The Constitution says a great deal about who should interpret it. Article III, Section 2, Clause 2: "In all Cases affecting Ambassadors, other public Ministers and Consuls, and those in which a State shall be Party, the supreme Court shall have original Jurisdiction. In all the other Cases before mentioned, the supreme Court shall have appellate Jurisdiction, both as to Law and Fact, with such Exceptions, and under such Regulations as the Congress shall make." Jurisdiction is defined as "the power, right, or authority to interpret and apply the law."
The reply above is a non sequitor. It's true that the U.S. Supreme Court has the final authority to interpret and apply the law in cases that come before it -- this is the doctrine of "the law of the case" -- but this is a far cry from claiming that judicial opinions written in such cases apply to every subsequent case in other courts or that the U.S. Supreme Court has exclusive authority to interpret the Constitution.

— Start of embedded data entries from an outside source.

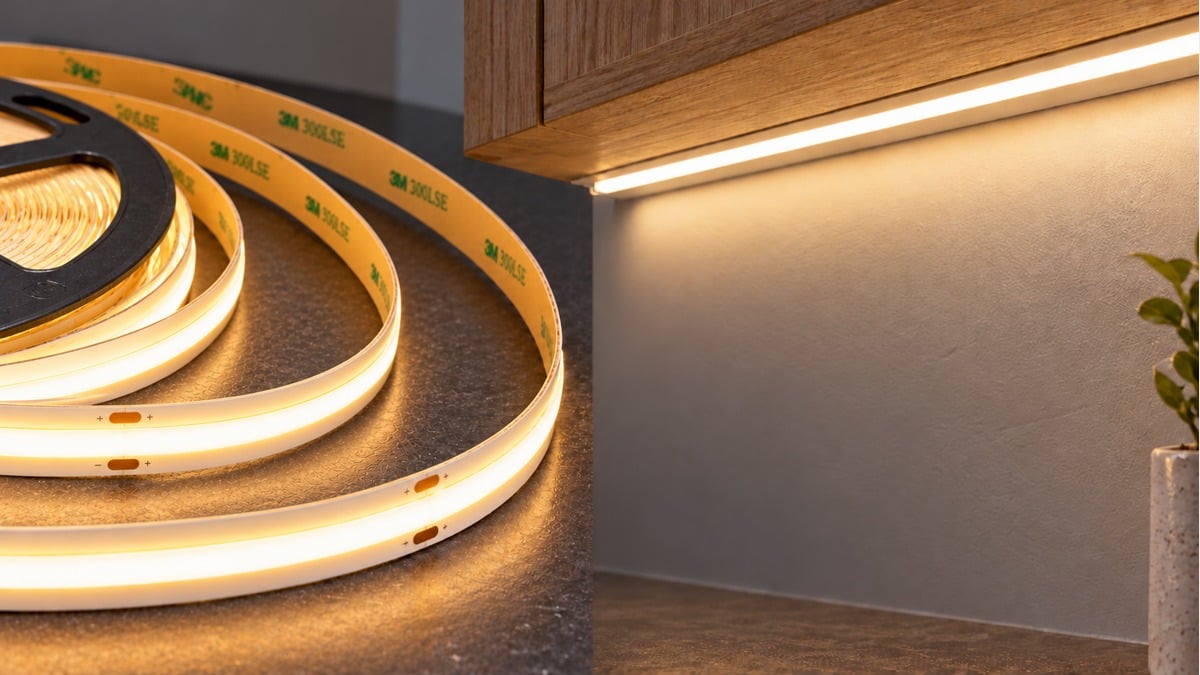 Warm-white COB LED tape with yellow adhesive backing beside an under-cabinet lighting example.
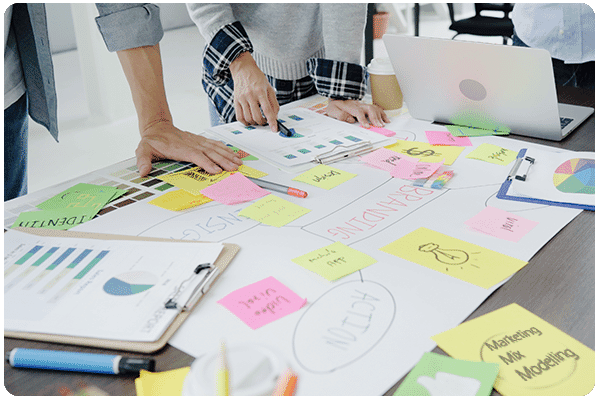 marketing_mix_modelling_team_planning_sticky_notes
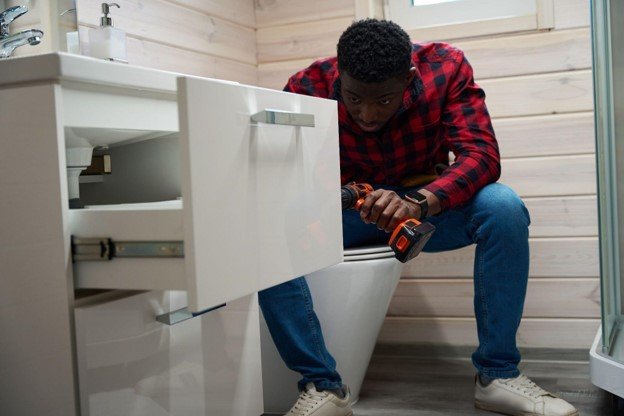 Bathroom installer using a power drill while fitting a vanity cabinet in a residential bathroom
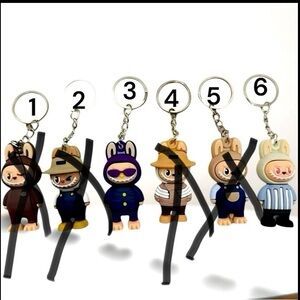 Monsters #3 and #6 left key chain choice of styles hard rubber on silver ring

The notion that judicial opinions are binding in other cases -- what we might ironically call "the law of the opinion" -- has no basis in the text of the Constitution or in its historic context.
"Judicial Supremacy," the notion that the judicial branch (ultimately the U.S. Supreme Court) has the final authority to interpret the Constitution, is likewise without any textual or historic support. It is a doctrine invented by the U.S. Supreme Court in 1958 in a case called Cooper v. Aaron, in which the Court writes the bold-faced lie that it has always held that it was Supreme in the exposition of the Constitution.
That's simply not true; the Emperor has no clothes. Thank God Justice Parker isn't afraid to say so.